Input material section start

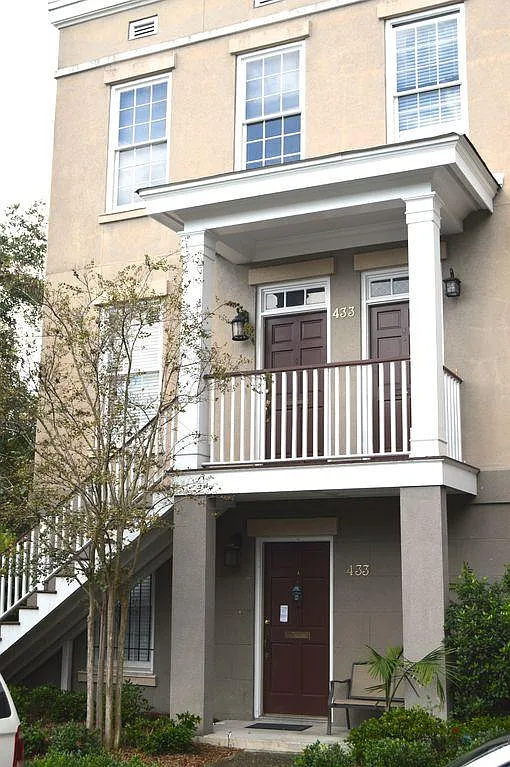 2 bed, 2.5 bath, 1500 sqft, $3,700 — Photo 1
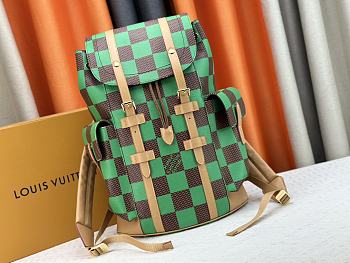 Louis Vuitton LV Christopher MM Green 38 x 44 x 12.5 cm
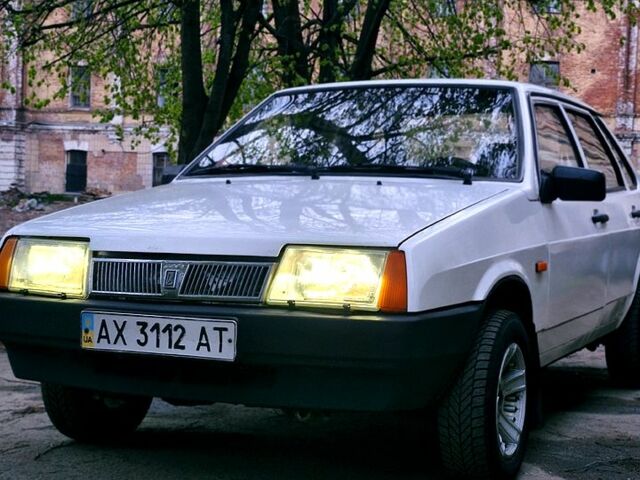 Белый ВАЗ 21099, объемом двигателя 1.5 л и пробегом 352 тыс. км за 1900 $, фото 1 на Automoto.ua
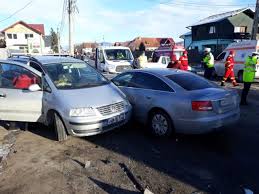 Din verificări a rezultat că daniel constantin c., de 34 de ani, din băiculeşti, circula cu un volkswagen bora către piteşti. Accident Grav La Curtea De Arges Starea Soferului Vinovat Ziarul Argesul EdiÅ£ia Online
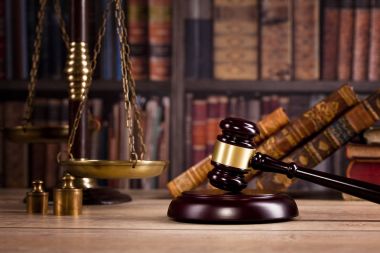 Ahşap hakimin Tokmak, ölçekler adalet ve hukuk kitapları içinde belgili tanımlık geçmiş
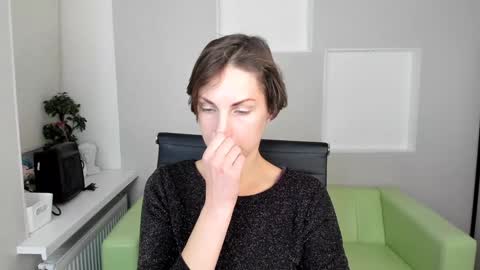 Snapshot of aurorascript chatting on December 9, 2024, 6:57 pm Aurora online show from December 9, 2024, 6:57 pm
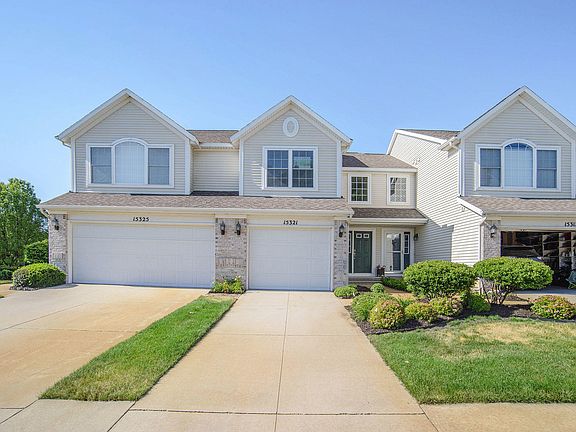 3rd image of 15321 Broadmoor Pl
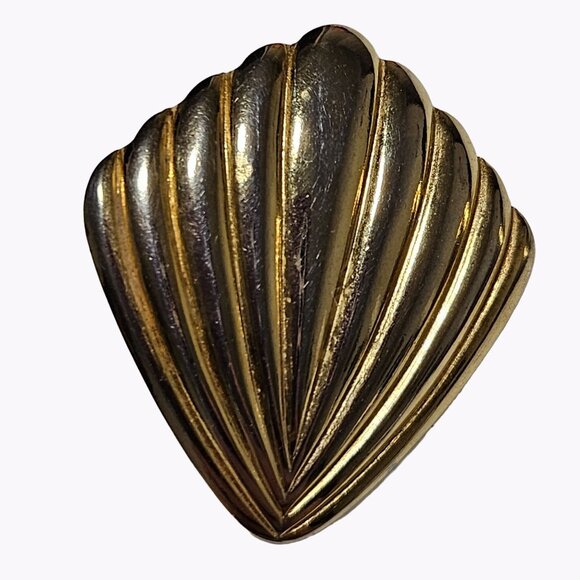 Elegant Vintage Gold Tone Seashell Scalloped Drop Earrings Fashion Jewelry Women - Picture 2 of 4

Input material section end

▶ **Task objective**: Would you copy, word for word, only the lines above from the one containing "Louis Vuitton LV" through the one containing "Ahşap hakimin Tokmak, ölçekler", both included, and please leave out the pictures?

▶ **Exercise output**:
 Louis Vuitton LV Christopher MM Green 38 x 44 x 12.5 cm
 Белый ВАЗ 21099, объемом двигателя 1.5 л и пробегом 352 тыс. км за 1900 $, фото 1 на Automoto.ua
 Din verificări a rezultat că daniel constantin c., de 34 de ani, din băiculeşti, circula cu un volkswagen bora către piteşti. Accident Grav La Curtea De Arges Starea Soferului Vinovat Ziarul Argesul EdiÅ£ia Online
 Ahşap hakimin Tokmak, ölçekler adalet ve hukuk kitapları içinde belgili tanımlık geçmiş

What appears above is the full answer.